Most organizations understand these benefits, but in an effort to quickly integrate their data, some companies choose not to address data
quality up front. Such inaction can create problems that are not easily, quickly or economically corrected. It is far more productive to
develop a well-thought-out program that can be implemented from the start to ensure data quality for the long term.
A major step toward creating the best program for your organization is to clearly define your company's objectives. Small, phased-in
implementations driven by an enterprise vision will help establish standard practices that then become part of an ongoing routine.
Your organization may have data quality policies already incorporated in company-wide processes that address master data management as well as
customer and corporate data integration. To ensure the success of these processes, certain business rules must be adhered to, such as
establishing when to cleanse and profile the data, determining how and when the data is integrated, and identifying where the data comes from
and who is allowed to use it. (See "Data trail" figure.)

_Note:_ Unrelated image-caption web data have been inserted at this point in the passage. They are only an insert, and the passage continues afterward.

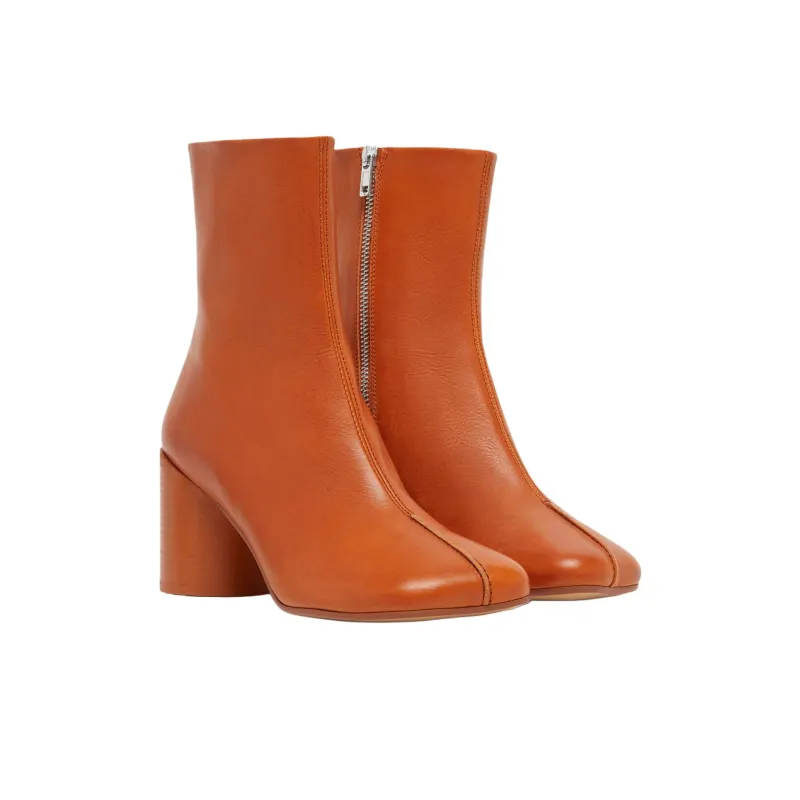 MM6 Maison Margiela Ankle Boots 7cm Women's Raw Brown-2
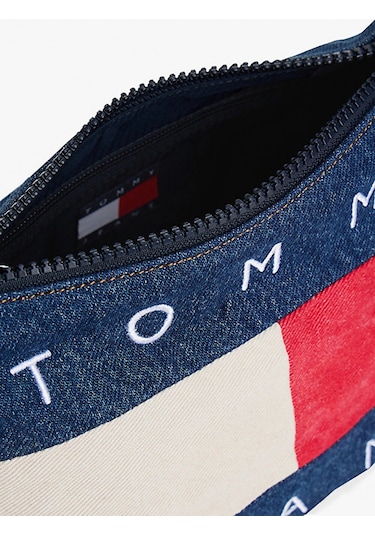 Tommy Hilfiger Tjw Arşiv Denim Omuz Kadın Mavi Omuz Çantası Aw0aw182131af Mavi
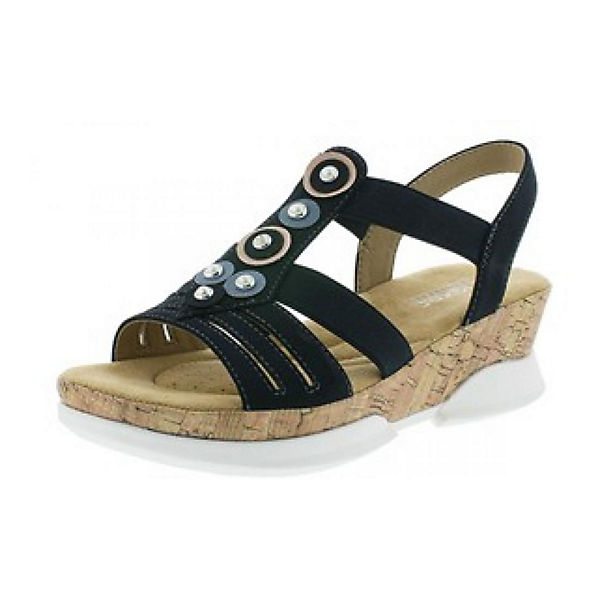 Schuhe Komfort-Sandalen rieker Sandale Komfort-Sandalen blau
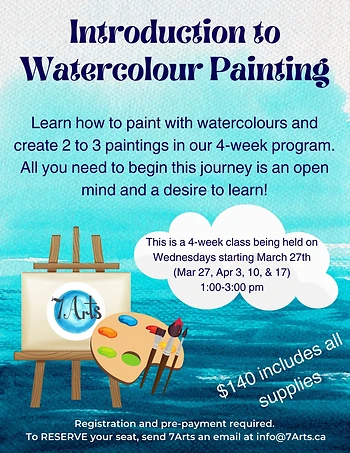 Poster for Introduction to Watercolour Painting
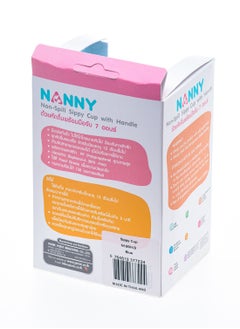 Generic Nanny non-spill sippy cup with handle blue  - Image 2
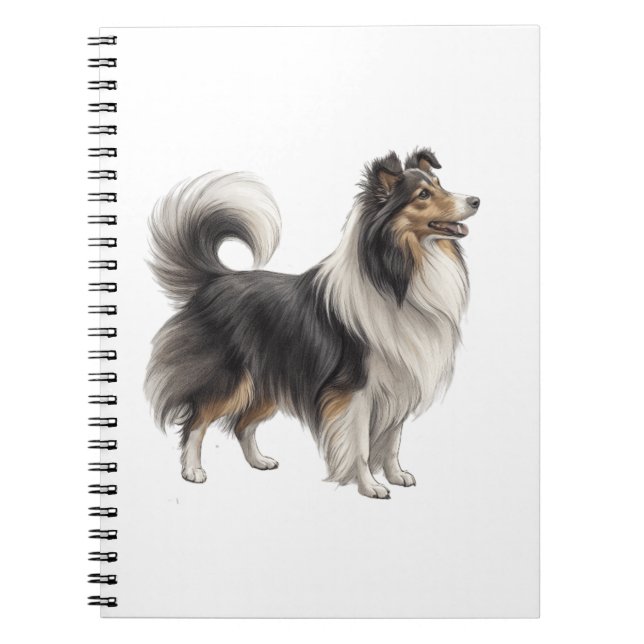 Caderno Espiral Sheltie (Frente)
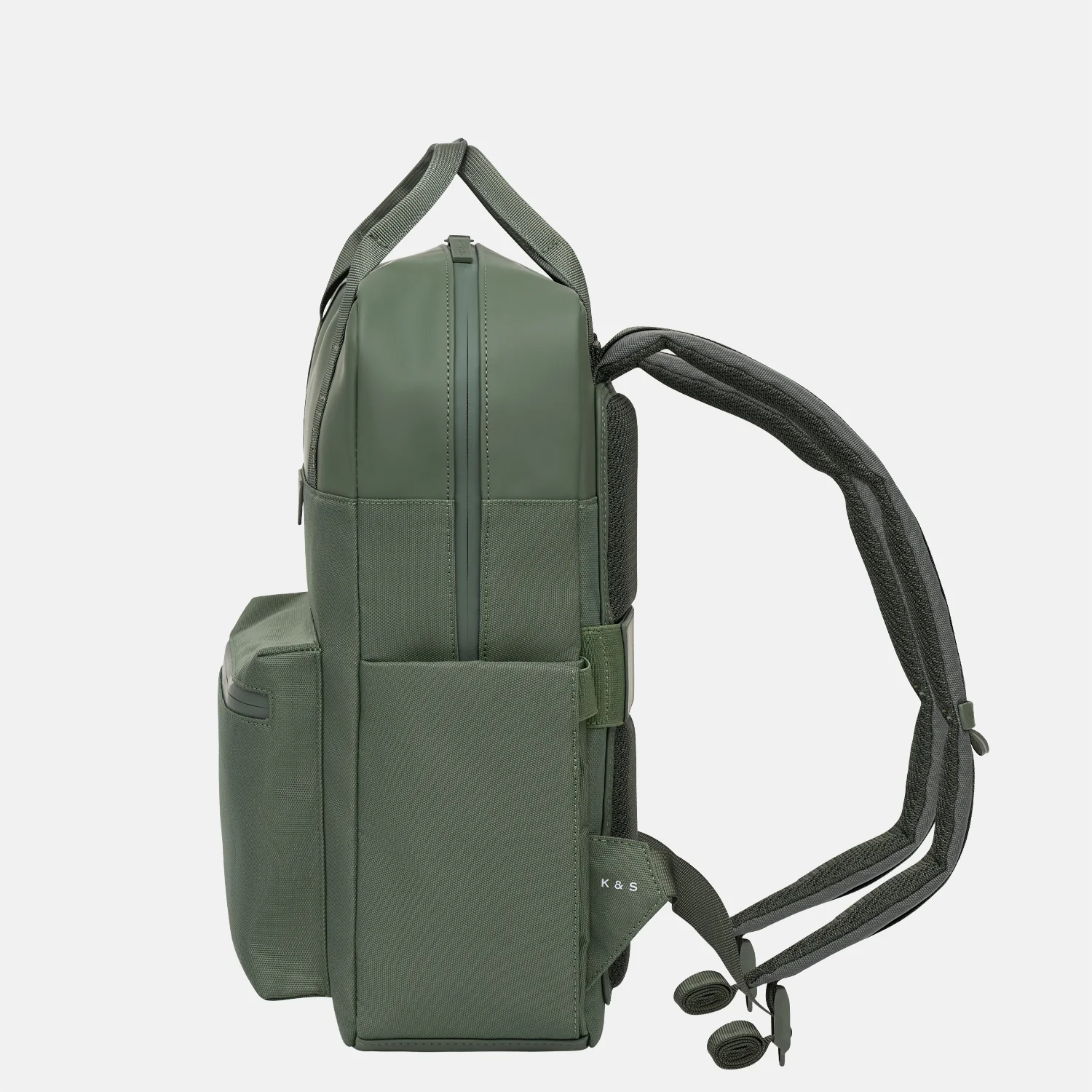 Kapten & Son Bergen Pro rugzak 15 inch dusty green bij Duifhuizen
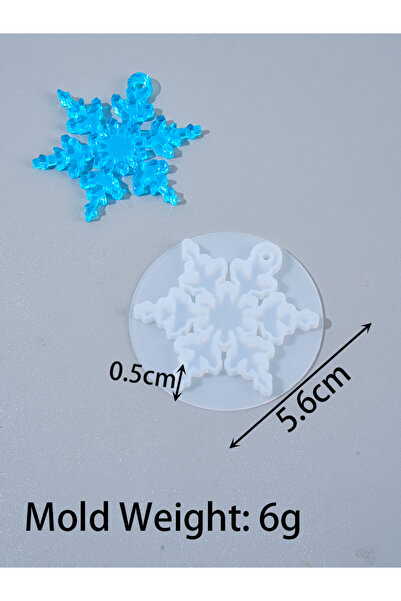 Choice1 06 Snowflake Crystal Epoxy Resin Silicone Moulds Christmas Ornaments ...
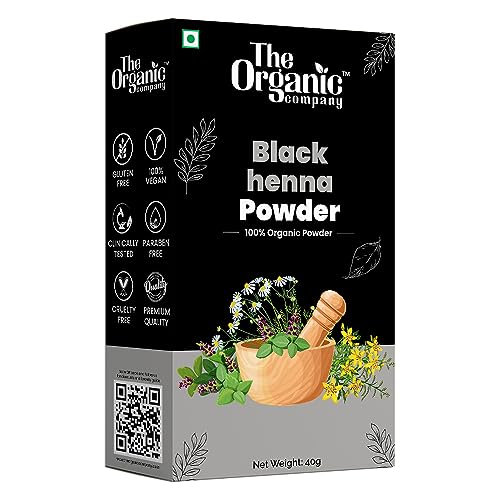 Natural Black Henna Powder for Hair - Organic & Herbal Mehandi Hair Color for Women & Men | Ammonia-Free, Pure Black Hair Dye for Natural Hair Care | Perfect for DIY Hair Coloring at Home or Salon Use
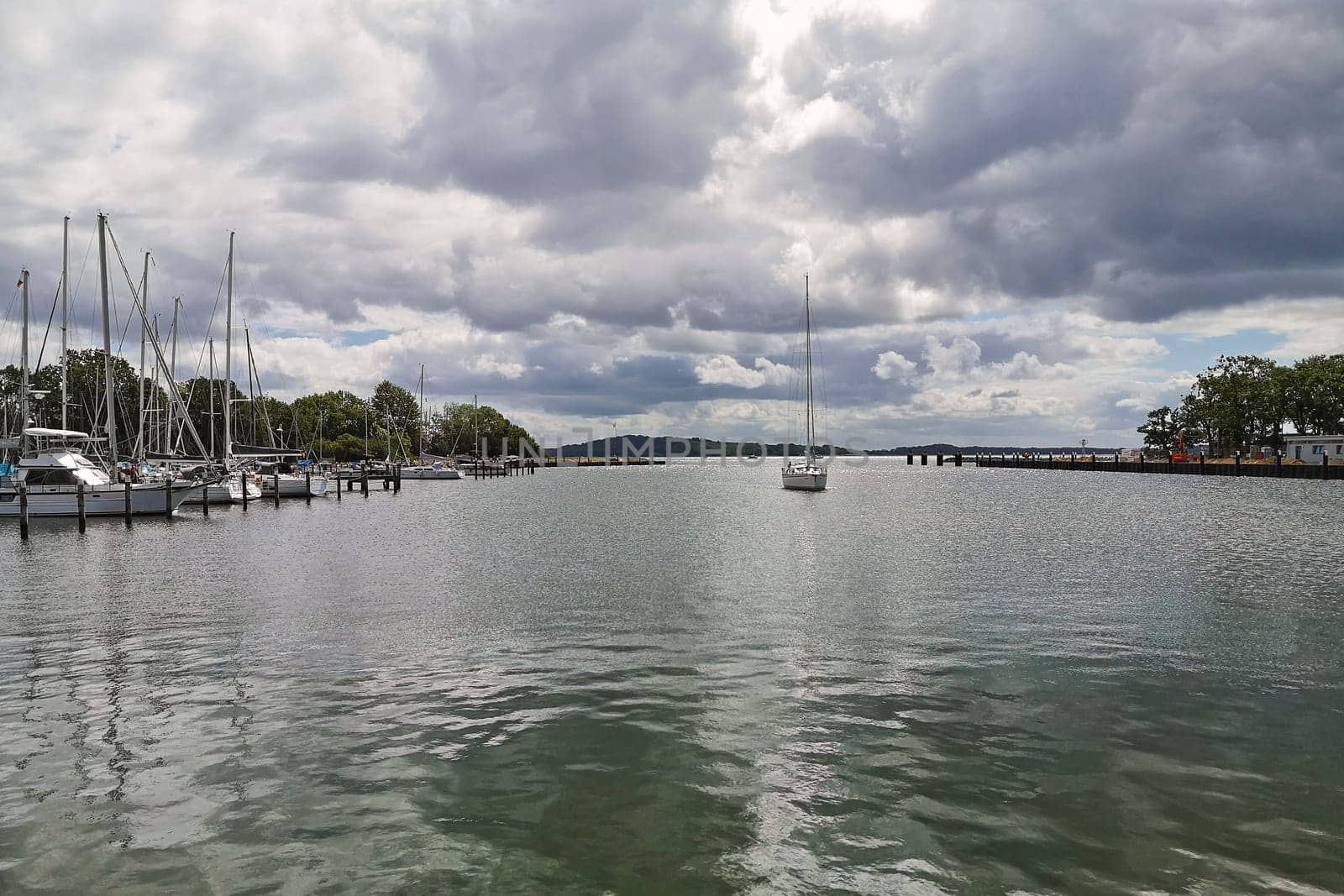 Lauterbach harbor, Ruegen island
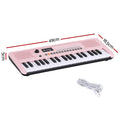 Alpha 37-Key Pink Digital Piano Keyboard for Kids with 3-Step Lesson Mode - SuperSaverAU - view 2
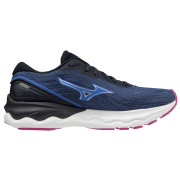 Scarpe da corsa da donna Mizuno Wave Skyrise 3 blu Amparo Blue/Silver/Festival Fuchsia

Furthermore, a good data quality program will ensure that the organization conforms to its business requirements of accurate, timely and
certified data. The specifications of when and how the data is delivered to the users must be clearly understood and met, and the costs
associated with collecting and maintaining integrated data must be agreed upon and not exceeded.
Data profiling
To fix quality issues, the data must first be understood, then examined for any problems. If problems exist, their origin must be pinpointed
and properly corrected. Data profiling can help meet these challenges by identifying data in multiple data stores prior to its movement,
conversion and/or integration. From this information, the relationships between data that comes from different sources can be recognized.
Data profiling allows you to:
|
Know data content. Gaining in-depth insight into the source systems and how they relate to the organization's business
requirements will help speed up programming development.
|
|
Validate business rules and processes. Checking data consistency on an ongoing basis will maintain data quality throughout
the organization, based on the regulations set by the data governance team.
|
|
Deliver projects faster. Identifying and correcting data quality issues at the source early in the design and development
stage can accelerate project completion.
|
|
Ensure high-quality data. Improved data that benefits an individual project will move the entire organization toward better
decision making.
|
|
Decrease project failure. Determining mitigation plans for data issues early in the design phase rather than in the
development stage will help ensure a successful project.
|
Data quality is set at the project level where processes will develop over time and each project will have a holistic effect on the
organization. The ongoing result is better data quality across the entire enterprise.
Tools of the trade
Most companies use a data quality tool or extract, transform and load (ETL) tool in a batch mode, meaning the jobs are run usually at night
with sets of data, rather than one record at a time. Handling data quality issues in real time is possible with today's technologies; however,
organizations must be realistic about the quantity of data that can be processed in such a tight schedule. No system can integrate 64 sources
of data in real time; therefore, priorities must be established.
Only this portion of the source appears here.